Since an extraction facility is dealing with food-grade products, any time water is used, whether for mixing detergent, rinsing equipment, or cleaning filters, the water has to be purified or filtered. This is easily achieved with a reverse-osmosis water filter, which passes water across a semi-permeable membrane that filters out contaminants and reduces the hardness of the water along the way.
Rotary evaporators are still the most common way to remove ethanol from the winterized, filtered extract. The best way to run the cold finger portion of the apparatus is to immerse blocks of dry ice in isopropyl alcohol. Since carbon dioxide doesn’t have a liquid phase at atmospheric pressures, the volume of alcohol doesn’t get diluted over time. And since the melting point of isopropyl alcohol is colder than that of dry ice, it doesn’t freeze, no matter how much dry ice is shoved in there. What’s more, isopropyl alcohol is heavier than ethanol, therefore, it doesn’t evaporate quite as easily at room temperature, meaning you won’t have to replace it as often. Even so, you’ll still need isopropyl alcohol readily available for when you need to top off your cold fingers.
Finally, acetone is the go-to solvent for removing tough hydrophobic stains. The inside of extraction vessels, concentrate trays, decarb pots, glassware, tables; anything made of glass, ceramic, or metal can be cleaned by acetone without fear of corrosion.It is a ketone, a class of molecules defined by a carbon-oxygen double bond with two methyl groups on each side of the double bond.
Figure 1. Ball-and-stick figure of acetone, the simplest ketone. Red = oxygen, black = carbon, white = hydrogen.

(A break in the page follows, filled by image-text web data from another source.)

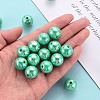 Opaque Acrylic Beads MACR-S370-D16mm-24-5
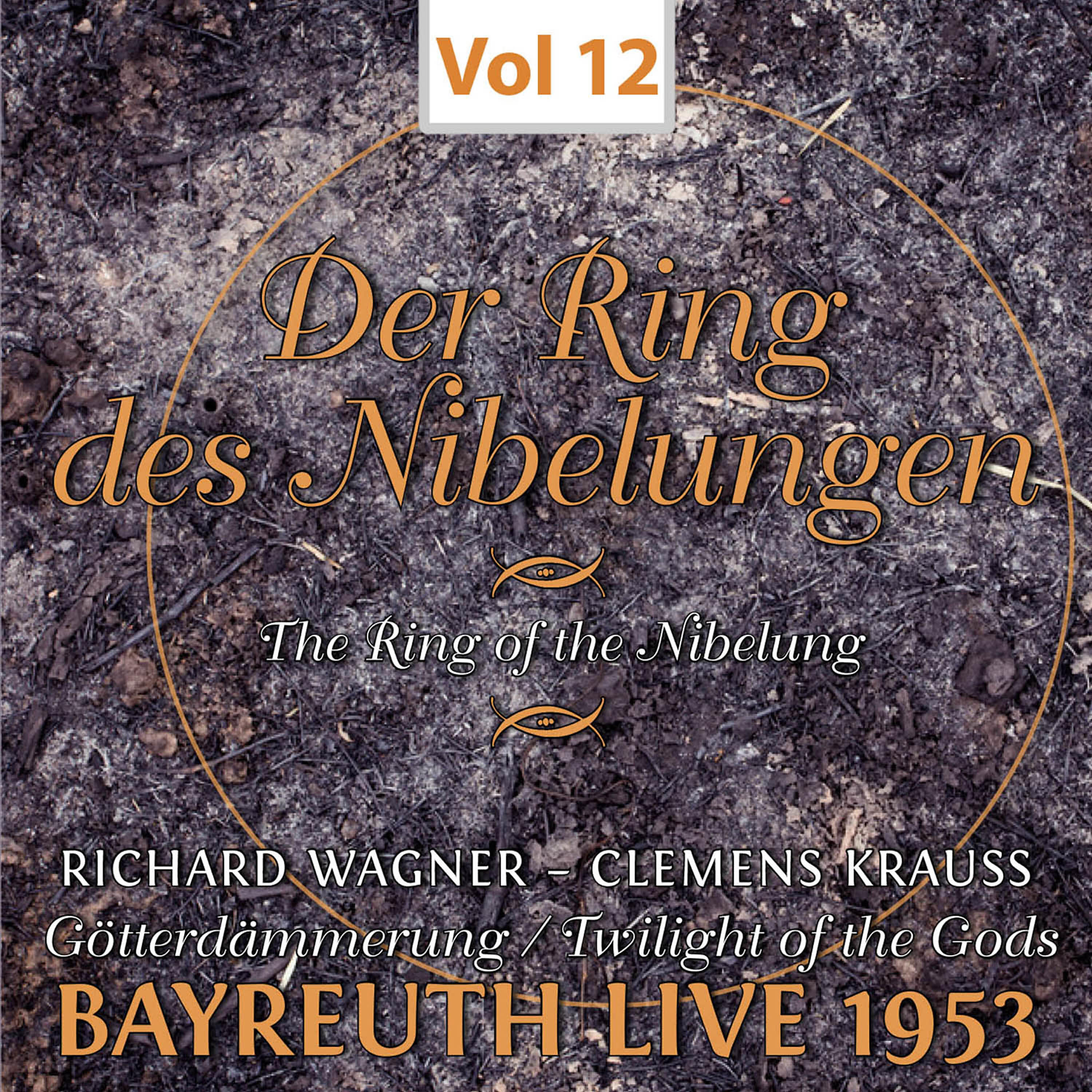 Hermann Uhde - Götterdämmerung. 2. Aufzug. 4. Szene: Heil dir, Gunther! Heil dir und deiner Braut!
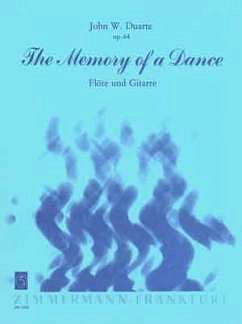 J. Duarte: The Memory of a Dance op. 64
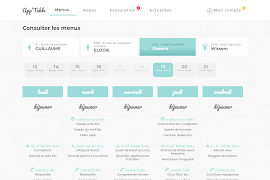 App'Table اسکرین شاٹ 6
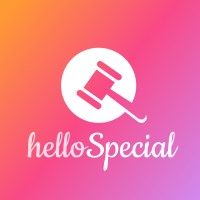 HelloSpecial logo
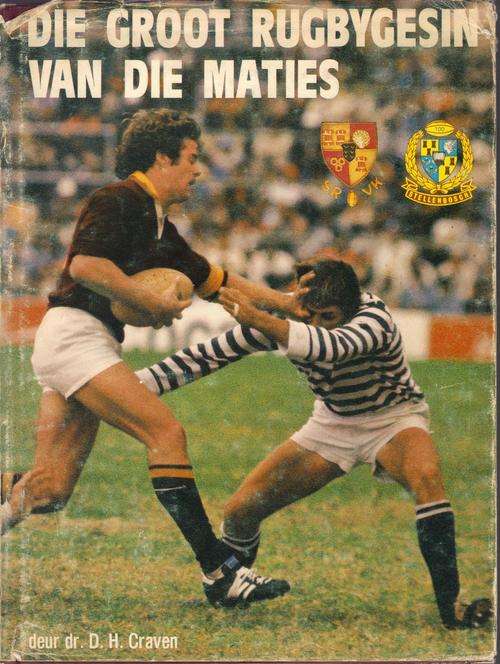 Oud Springbok Piet Greyling se Kopie ~ Die Groot Rugbygesin van die Maties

Due to this chemical structure, acetone is called an aprotic polar solvent. “Polar” means it plays nicely with other polar molecules like water or ethanol. “Aprotic” means it lacks labile hydrogen atoms, so that when it solvates in liquid, it won’t shed protons and change the pH of the solution. In addition, acetone has a very low boiling point, lower than that of ethanol, and it evaporates readily in air. This makes it an ideal cleaning solvent because it quickly evaporates from the surfaces it has been used on, leaving the material liquid-free and ready for use.